— Work instruction —
In the entries below, find the line with "2023-kubota-z726x-image-10" and the line with "Used 2023 Jeep Gladiator Sport image 20", then retype both and everything between them exactly. Do not copy the pictures.

— Extracted information —

● ● ● ● ●

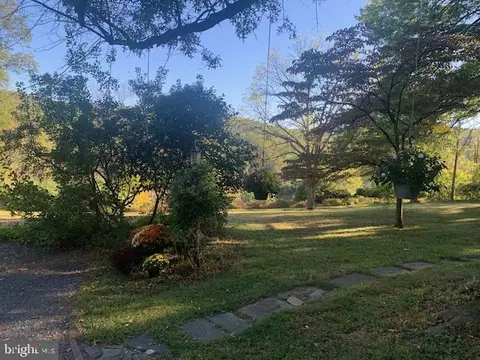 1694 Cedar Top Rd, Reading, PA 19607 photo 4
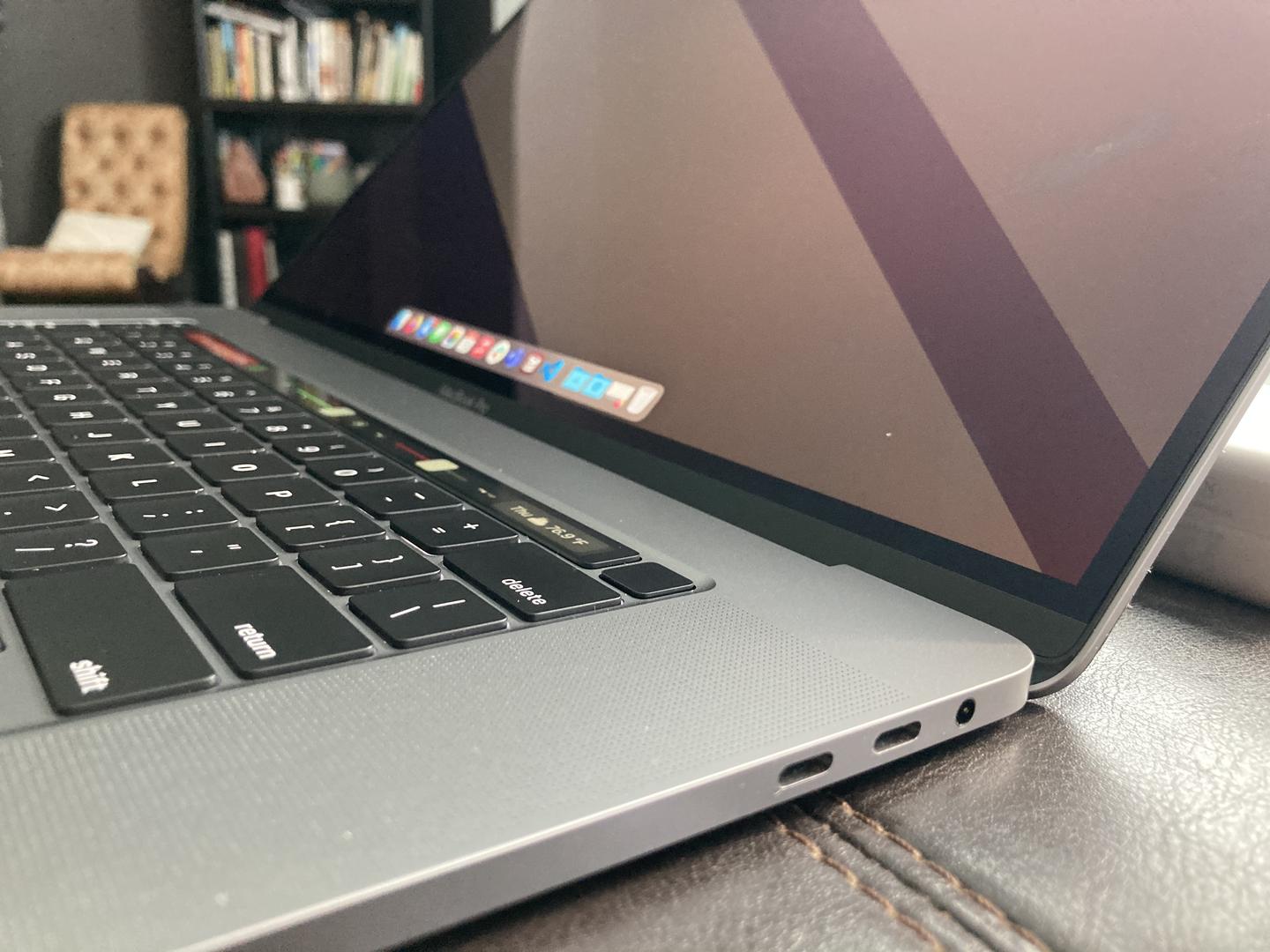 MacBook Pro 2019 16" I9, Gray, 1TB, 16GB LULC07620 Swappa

● ● ● ● ●

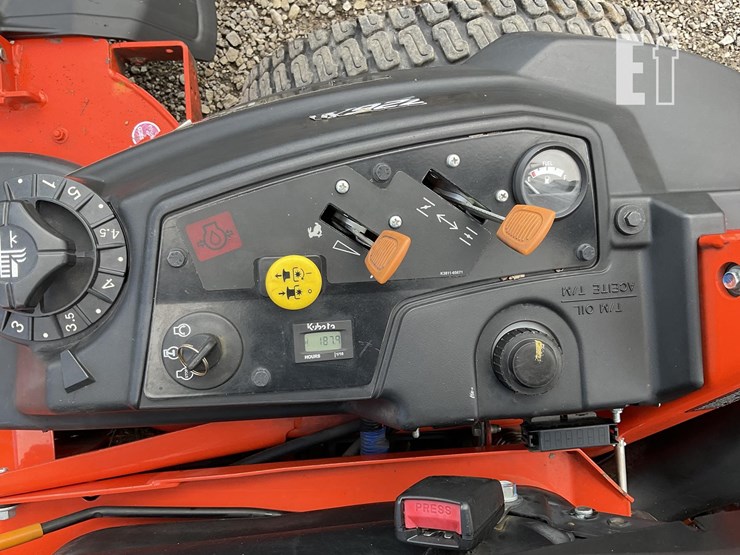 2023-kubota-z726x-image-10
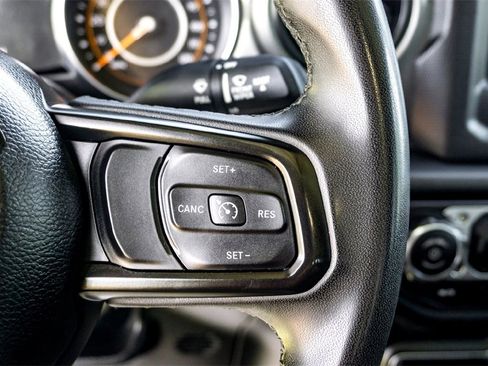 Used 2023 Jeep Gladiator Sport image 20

● ● ● ● ●

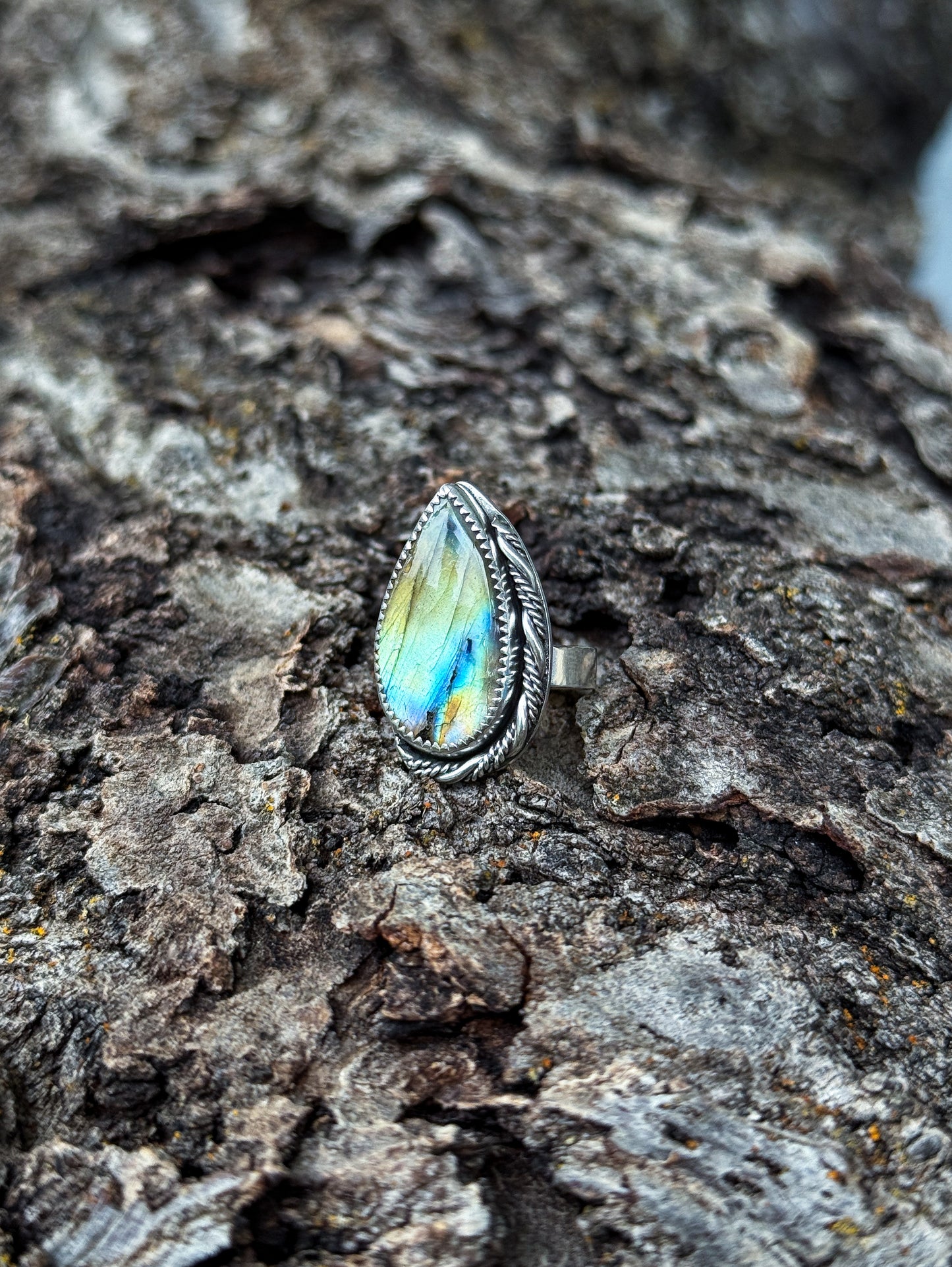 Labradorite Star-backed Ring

● ● ● ● ●

— Result —
 2023-kubota-z726x-image-10
 Used 2023 Jeep Gladiator Sport image 20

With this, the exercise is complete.